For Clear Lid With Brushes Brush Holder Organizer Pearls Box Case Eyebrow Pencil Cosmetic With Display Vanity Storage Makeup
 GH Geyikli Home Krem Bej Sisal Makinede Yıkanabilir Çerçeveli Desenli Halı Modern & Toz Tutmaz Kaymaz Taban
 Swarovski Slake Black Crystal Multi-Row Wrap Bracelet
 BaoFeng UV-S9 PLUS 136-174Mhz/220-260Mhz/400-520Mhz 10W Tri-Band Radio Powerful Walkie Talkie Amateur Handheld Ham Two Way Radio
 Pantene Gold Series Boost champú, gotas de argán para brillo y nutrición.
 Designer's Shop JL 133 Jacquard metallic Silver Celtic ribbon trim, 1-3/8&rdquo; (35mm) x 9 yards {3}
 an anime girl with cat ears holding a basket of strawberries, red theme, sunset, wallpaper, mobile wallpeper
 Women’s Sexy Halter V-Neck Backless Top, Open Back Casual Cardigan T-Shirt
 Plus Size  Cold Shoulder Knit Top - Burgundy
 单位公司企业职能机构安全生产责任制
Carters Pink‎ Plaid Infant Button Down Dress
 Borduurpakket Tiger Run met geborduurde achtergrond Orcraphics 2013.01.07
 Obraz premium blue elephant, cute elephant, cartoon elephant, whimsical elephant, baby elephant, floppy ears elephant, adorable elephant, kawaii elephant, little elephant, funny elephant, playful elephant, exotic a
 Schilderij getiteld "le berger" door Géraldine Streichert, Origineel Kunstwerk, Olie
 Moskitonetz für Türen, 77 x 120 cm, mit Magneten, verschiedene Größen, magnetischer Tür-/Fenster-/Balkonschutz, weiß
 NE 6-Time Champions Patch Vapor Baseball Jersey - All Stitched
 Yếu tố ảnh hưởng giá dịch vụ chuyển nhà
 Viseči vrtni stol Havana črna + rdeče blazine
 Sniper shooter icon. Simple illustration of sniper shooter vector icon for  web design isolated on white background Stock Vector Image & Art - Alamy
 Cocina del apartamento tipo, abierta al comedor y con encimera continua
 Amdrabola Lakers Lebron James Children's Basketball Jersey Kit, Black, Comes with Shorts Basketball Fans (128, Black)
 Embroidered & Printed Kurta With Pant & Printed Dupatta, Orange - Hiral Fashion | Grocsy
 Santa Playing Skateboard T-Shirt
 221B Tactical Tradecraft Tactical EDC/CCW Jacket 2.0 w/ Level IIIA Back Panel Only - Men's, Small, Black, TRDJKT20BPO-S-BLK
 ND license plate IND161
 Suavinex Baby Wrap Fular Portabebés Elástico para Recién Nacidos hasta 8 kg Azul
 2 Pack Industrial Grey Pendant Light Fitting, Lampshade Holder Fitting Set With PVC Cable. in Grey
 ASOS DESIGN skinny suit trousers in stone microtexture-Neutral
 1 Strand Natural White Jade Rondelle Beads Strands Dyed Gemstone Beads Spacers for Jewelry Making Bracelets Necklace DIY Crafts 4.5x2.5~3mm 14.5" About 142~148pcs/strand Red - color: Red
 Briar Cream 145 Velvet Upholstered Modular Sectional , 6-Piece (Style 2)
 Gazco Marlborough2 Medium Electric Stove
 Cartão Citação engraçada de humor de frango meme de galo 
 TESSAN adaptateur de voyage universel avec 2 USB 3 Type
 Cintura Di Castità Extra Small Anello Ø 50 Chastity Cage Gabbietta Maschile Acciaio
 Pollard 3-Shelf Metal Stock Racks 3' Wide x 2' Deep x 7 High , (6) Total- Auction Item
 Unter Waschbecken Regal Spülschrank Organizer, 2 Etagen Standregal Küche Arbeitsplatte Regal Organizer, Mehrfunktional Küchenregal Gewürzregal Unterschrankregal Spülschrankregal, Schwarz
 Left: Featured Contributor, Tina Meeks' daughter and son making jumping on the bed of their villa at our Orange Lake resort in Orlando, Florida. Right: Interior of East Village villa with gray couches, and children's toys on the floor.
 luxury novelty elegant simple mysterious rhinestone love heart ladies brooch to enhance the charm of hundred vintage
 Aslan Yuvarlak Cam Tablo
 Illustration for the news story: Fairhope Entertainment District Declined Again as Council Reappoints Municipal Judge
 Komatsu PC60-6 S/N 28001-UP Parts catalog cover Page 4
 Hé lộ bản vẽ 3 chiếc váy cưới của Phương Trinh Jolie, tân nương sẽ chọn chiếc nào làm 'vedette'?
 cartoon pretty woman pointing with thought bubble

▬▬▬

## Instructions for the task
Only a number is required here: the count of lines in these entries that hold "Holder".

## Written answer
2